Datenschutz & Sicherheit
Hausdurchsuchung wegen eines Links war verfassungswidrig
Das Bundesverfassungsgericht hat entschieden, dass die Hausdurchsuchung bei Fabian Kienert, Redakteur bei Radio Dreyeckland, nicht mit der Pressefreiheit vereinbar war. Auch Privaträume unterlägen diesem Schutz, wenn dort Redaktionsmaterial aufbewahrt würde. Und ein tragfähiger Anfangsverdacht, der die Hausdurchsuchung gerechtfertigt hätte, habe nie existiert. Es ist eine Entscheidung, die den Schutz von Redaktionen vor dem Zugriff durch Polizei und Staatsanwaltschaft stärkt.
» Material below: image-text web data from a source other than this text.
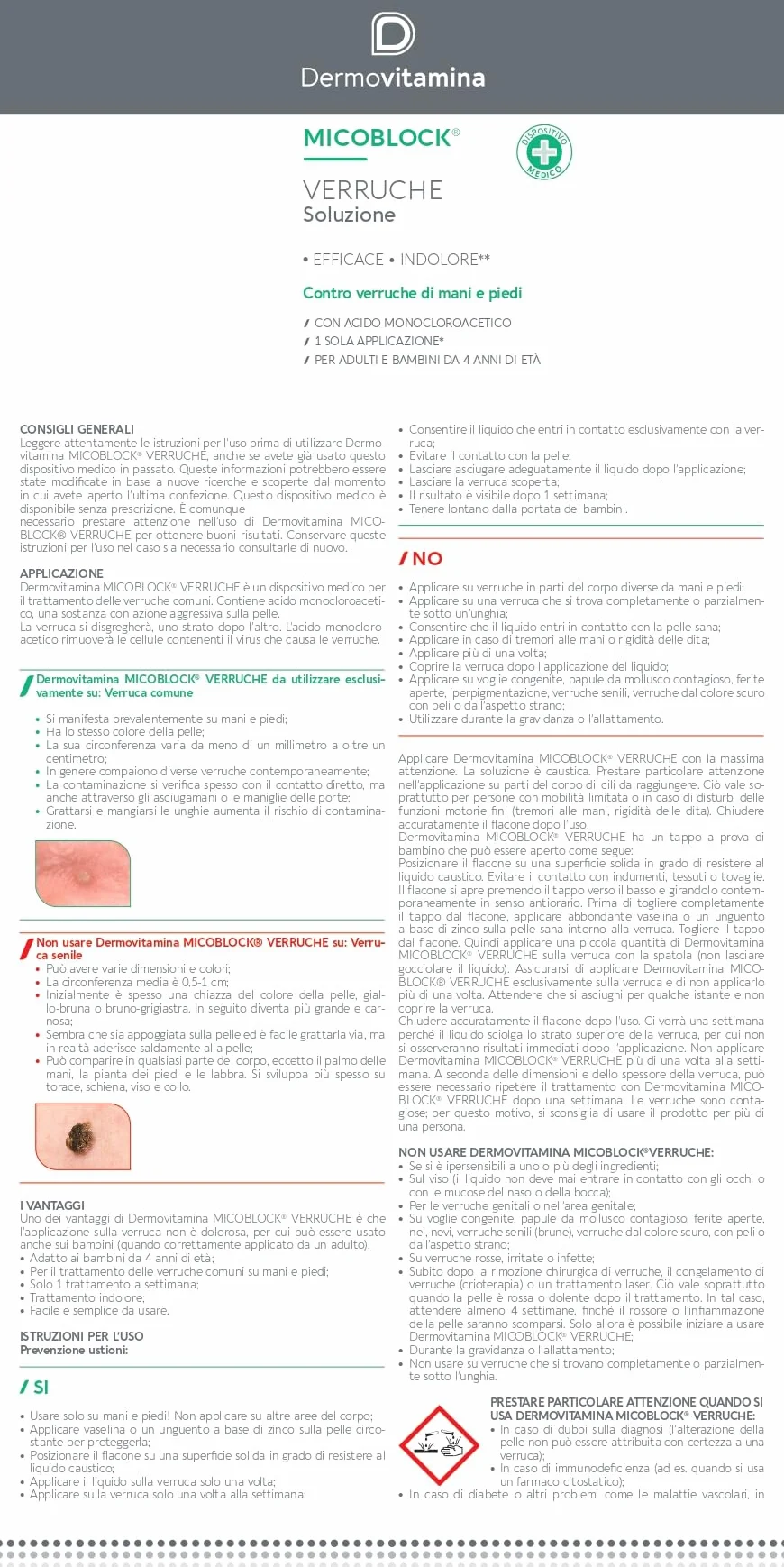 Dermovitamina Micoblock Verruche Cryo 38 ml - Rimozione Verruche per Mani e Piedi - Effetto Crioterapia per Adulti e Bambini 4+
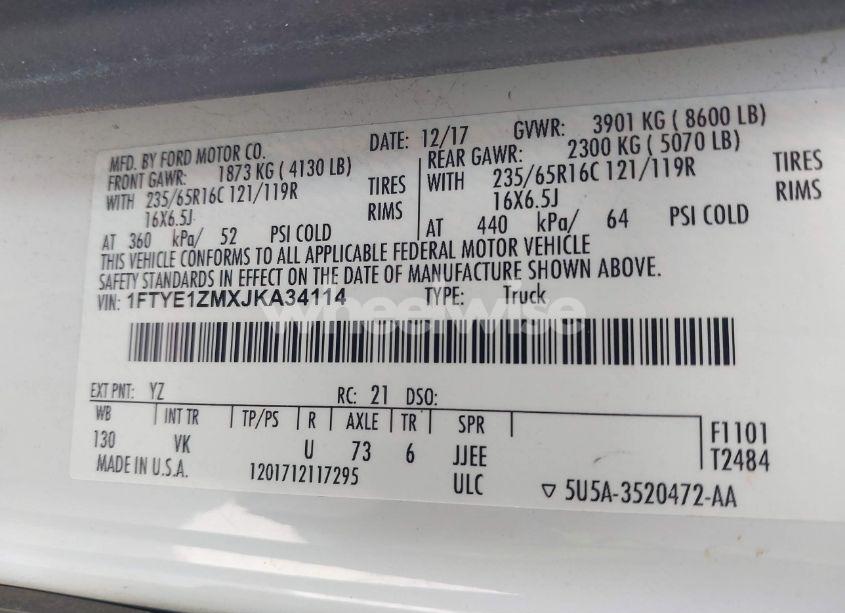 Photo 9 of 2018 Ford Transit-150 (VIN 1FTYE1ZMXJKA34114)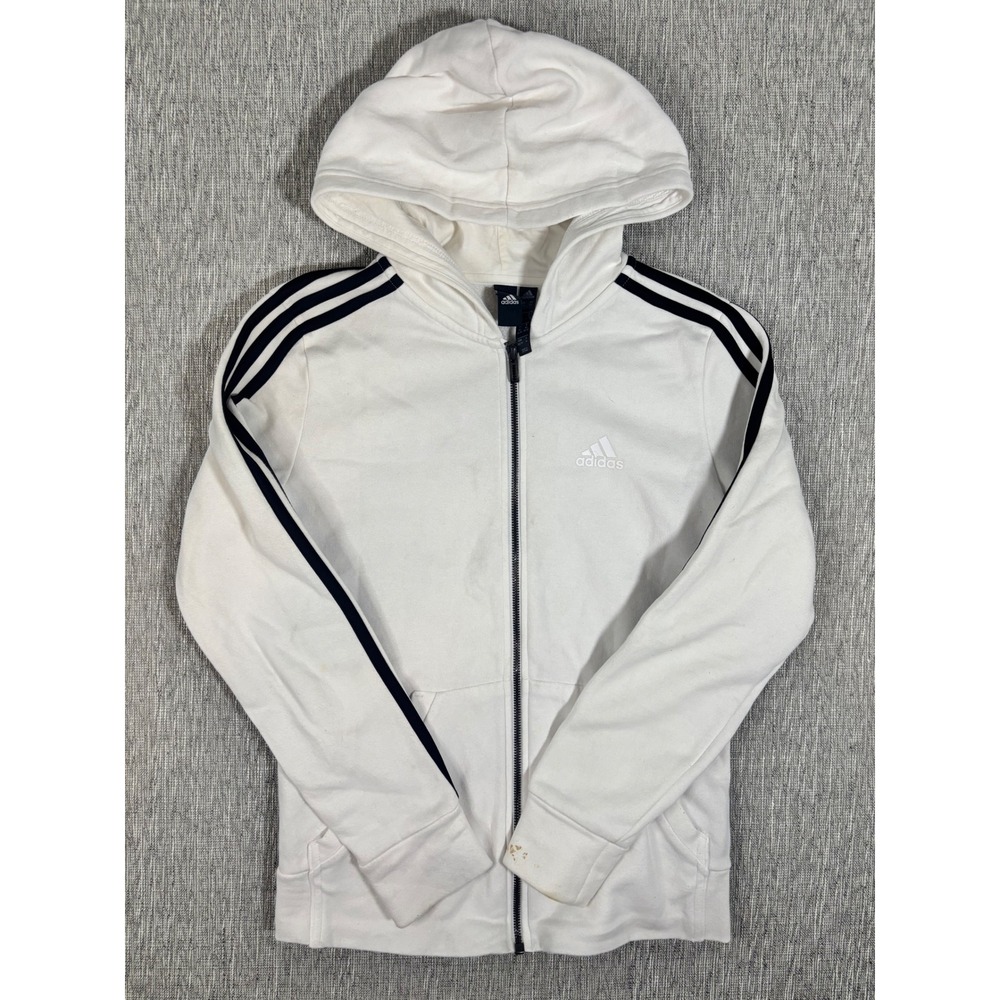 Adidas Full Zip Hoodie White Three Stripe Athletic Sweatshirt XS RN88387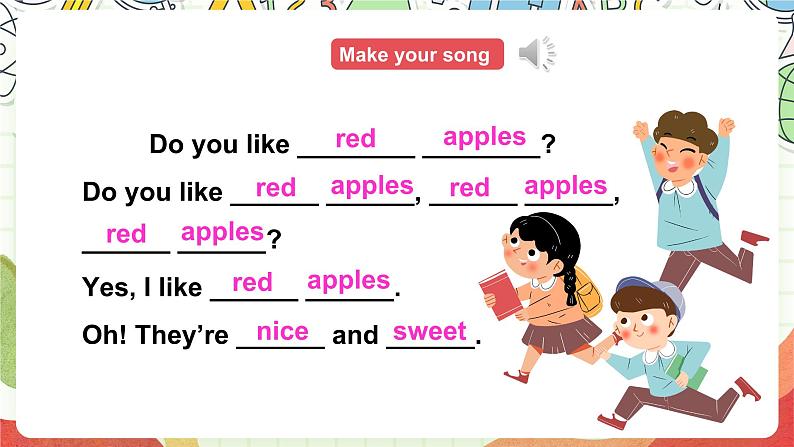 牛津译林版英语四上 Unit 2 Let’s make a fruit salad Sound time & Song time课件+音频08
Kienert sagt: „Ich hoffe, dass die Entscheidung des Bundesverfassungsgerichts dazu beiträgt, dass Polizei und Staatsanwaltschaft weniger leichtfertig mit Grundrechten umgehen.“
Die zugrunde liegende Verfassungsbeschwerde hatte Kienert gemeinsam mit der Gesellschaft für Freiheitsrechte (GFF) eingereicht. Verfahrenskoordinator David Werdermann sagt: „Durchsuchungen in Redaktionsräumen und Wohnräumen von Journalist*innen gefährden das Redaktionsgeheimnis und den Quellenschutz. Ein so schwerer Eingriff in die Pressefreiheit kann nicht auf vage Vermutungen gestützt werden.“ Die Entscheidung des Bundesverfassungsgerichts fiel am 3. November, die Gesellschaft für Freiheitsrechte machte das Urteil heute bekannt.
Hausdurchsuchung wegen eines Links auf linksunten.indymedia.org
Auslöser der Hausdurchsuchung bei Kienert war ein Link. Kienert hatte ihn in einer Meldung auf der Website von Radio Dreyeckland gesetzt. Er schrieb darüber, dass Ermittlungen gegen eine Gruppe von Personen wegen Bildung einer kriminellen Vereinigung im Zusammenhang mit linksunten.indymedia.org eingestellt worden waren. Und er schrieb auch, dass die linksradikale, offene Posting-Plattform unter ihrer Adresse weiter als Archiv einsehbar sei.
Die Staatsanwaltschaft ging davon aus, dass Kienert mit dem Link eine kriminelle Vereinigung unterstützt. Das Amtsgericht Karlsruhe erließ einen Durchsuchungsbeschluss, das Oberlandesgericht Stuttgart bestätigte ihn später.
Die Polizei durchsuchte Kienerts Wohnung, die Wohnung des Geschäftsführers von Radio Dreyeckland und betrat auch die Redaktionsräume. Bei Kienert stellte sie Laptop, Handys und zahlreiche USB-Sticks sicher.
Kienert siegt auf ganzer Linie
Vor etwas mehr als einem Jahr wurde Kienerts Freispruch rechtskräftig. Weil die verbotene Vereinigung linksunten.indymedia.org zum Zeitpunkt der Link-Setzung gar nicht mehr existiert habe, hätte Kienert sie mit dem Link auch nicht unterstützen können, so die Argumentation des Gerichts. Zuvor waren bereits die Durchsuchungen der Redaktionsräume und der Wohnung des Geschäftsführers für rechtswidrig erklärt worden.
Und nun folgt die nachträgliche Bewertung, dass auch die Hausdurchsuchung bei Kienert ein unverhältnismäßiger Eingriff in die Pressefreiheit war. Kienert hat auf ganzer Linie gewonnen. Ob das Setzen eines Links generell eine verbotene Unterstützungshandlung sein könnte, wird jedoch auch von diesem Urteil nicht geklärt.